I am a biostatistician consulting on a meta-analysis of 16 studies each w/ 2 treatment arms. The main interest is in the effect of the variable plateau pressure (PP from now on), on mortality rate. As there is a strongly significant difference in PP between the two arms, I do not believe both variables should be included in the model. However, as the results of each arm of a given study are clearly not independent it seemed to me that a way to account for this would be to include the Study id variable (1,1,2,2,...16,16) as a random effect.

When I first ran the model with Overall id (1,2....30) as the random effect, the effect estimate of PP was approx. 0.01, p<0.0001, and when changing the random effect to Study id, the effect of PP was 0.0038, p = 0.119. I am having difficulty understanding what model is ideal and why this change would result from the choosing to estimate random effects on an observation level, v.s. a study level.
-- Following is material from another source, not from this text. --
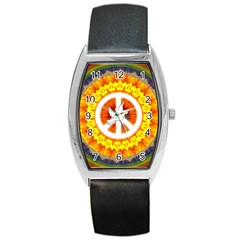 Peace Art Artwork Love Dove Barrel Style Metal Watch by Nexatart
I asked about this in a forum in Stack Exchange, and was advised to include a random intercept for Study ID and random slope for treatment arm, but I can't understand why it's not enough to specify a random effect for Study ID, given that the two arms are not random levels from population of levels of interest & why the p-value of the fixed effect changes so much when adding the arm random effect. If anyone has insight on why this change may be occurring it would be very helpful and so appreciated.


TLDR; 1) Why is it appropriate/necessary to use a random effect for the factor arm in a multi-level meta-regression (with interest being in a different predictor); 2) Why does the significance of said predictor change drastically when using Study ID as a random intercept instead of a RE for each observation?